Vaseekaran takes Chitti to a military board
of review hoping to sell the brass on manufacturing thousands of Chittis to
replace India's
human army. But the nefarious Dr. Bohra, Vaseekaran's mentor who sits on the
committee, has been trying to develop his own robots to sell to the highest
international bidders. He undermines Vaseekaran's demonstration by showing
Chitti will stab Vaseekaran if ordered to. For some reason, instead of figuring
the robot needs to be programmed with better recognition protocols, everyone
figures this means Chitti needs to be given human emotions. This is reinforced
when Chitti rescues several people from a burning building but rescues a woman
from her bathtub, carrying her out to the waiting crowd without thinking to
cover her nakedness. She immediately commits suicide by jumping in front of a
bus and bizarrely everyone counts it as a murder perpetrated by Chitti.

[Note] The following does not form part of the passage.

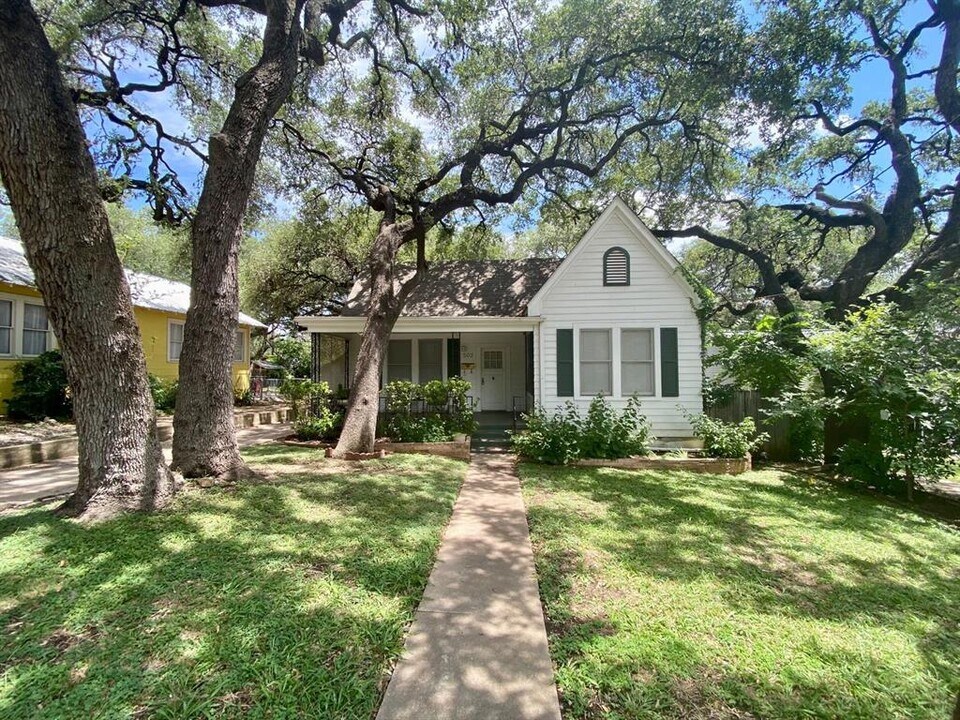 502 Academy Dr in Austin, TX - Building Photo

Vaseekaran works day and night to give
Chitti human emotion but has no success until Chitti is struck by lightning. I
suspect this was meant to mollify some of the more conservative individuals in
the audience.
Chitti proves his newfound sentience by
delivering a baby which greatly impresses Sana,
Vaseekaran's fiancée. Unfortunately, Chitti falls hopelessly in love with Sana. In my favourite
scene, Chitti watches her sleeping at night from her window but rushes in when
he sees a mosquito on her cheek. She wakes up, shocked to find him there. After
he explains why he entered her room, he asks her to kiss him on the cheek like
she did after he finished delivering the baby. She tells him that she kissed
him before because he accomplished something great so he asks what he needs to
accomplish in order to receive another kiss. She tells him to catch the
mosquito.
Chitti pursues the insect to a community of
mosquitoes and proceeds to have a dialogue with them. He
demands they hand over the offending mosquito, they demand he provide them with
AB blood and petition the government to make the mosquito the national bird. In
a movie that keeps finding new left fields to pitch from this was the turn I
absolutely adored. It's played without a trace of irony, it's just pure fairy
tale which, for all the sci fi trappings, is really what the whole movie is.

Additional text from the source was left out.